545 A.2d 650 | Me. | 1988
Beatrice M., the natural mother of Merton R., appeals from a judgment of the District Court, Portland, terminating her parental rights.
22 M.R.S.A. § 4055(1)(B)(2) (Supp.1987) provides in pertinent part that the noncon-sensual termination of parental rights may be ordered if:
(2) The court finds, based on clear and convincing evidence, that:
(a) Termination is in the best interest of the child; and
(b) Either:
(i) The parent is unwilling or unable to protect the child from jeopardy and these circumstances are unlikely to change within a time which is reasonably calculated to meet the child’s needs; [or]
(ii) The parent has been unwilling or unable to take responsibility for the child within a time which is reasonably calculated to meet the child's needs....
A court’s finding that these criteria are met by clear and convincing evidence shall not be set aside on appeal unless the factfinder could not reasonably have been persuaded that the required factual findings were proved to be highly probable. In re John Joseph V., 500 A.2d 628, 629 (Me.1985). We conclude, as Beatrice apparently concedes, that the record could rationally be read to support to a high probability the District Court’s finding that termination would be in Merton’s best interest.
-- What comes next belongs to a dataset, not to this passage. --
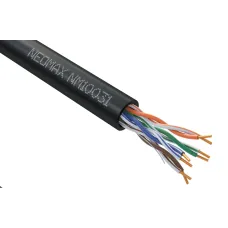 Витая пара U/UTP CAT 5e 4x2x0.51 мм 24AWG Медь внешний PE черный Fluke Tested 305м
We further conclude that the record supports the finding on the second prong of the statute’s two-pronged test for termination of parental rights, i.e., that it is highly probable that Beatrice is unable to protect her son from jeopardy. See 22 M.R.S.A. § 4055(l)(B)(2)(b)(i). Jeopardy includes not only the threat of serious physical injury, a threat not evident here, but also “serious mental or emotional injury or impairment_” 22 M.R.S.A. § 4002(10)(B). There is ample evidence that Beatrice was unable to protect Merton from serious emotional injury or impairment and that this circumstance was unlikely to change within a time reasonably calculated to meet his needs. See section 4055(l)(B)(2)(b)(i).
Because the record supports the District Court’s findings that termination was in Merton’s best interest and that Beatrice was unable to protect her son from jeopardy, we need not address the additional finding that she was unable to take responsibility for her son. See section 4055(1)(B)(2).
The entry is:
Judgment affirmed.
All concurring.
. In 1981, the parental rights of Beatrice M., the mother, and the parental rights of the legal and putative fathers of Merton R. were terminated by the District Court. On appeal to this court, we vacated the District Court judgment of termination as it pertained to the mother, because the District Court rinding, made under statutory language different than the statute involved in this appeal, that she had refused to take responsibility for the child and that her circumstances were unlikely to change in a reasonable time was not supported in the record. In re Merton R., 466 A.2d 1268, 1270 (Me.1983). The termination of the mother’s parental rights, the subject of the instant appeal, was initiated by a new petition to terminate filed by the Department of Human Services in 1987 and based on the current statute.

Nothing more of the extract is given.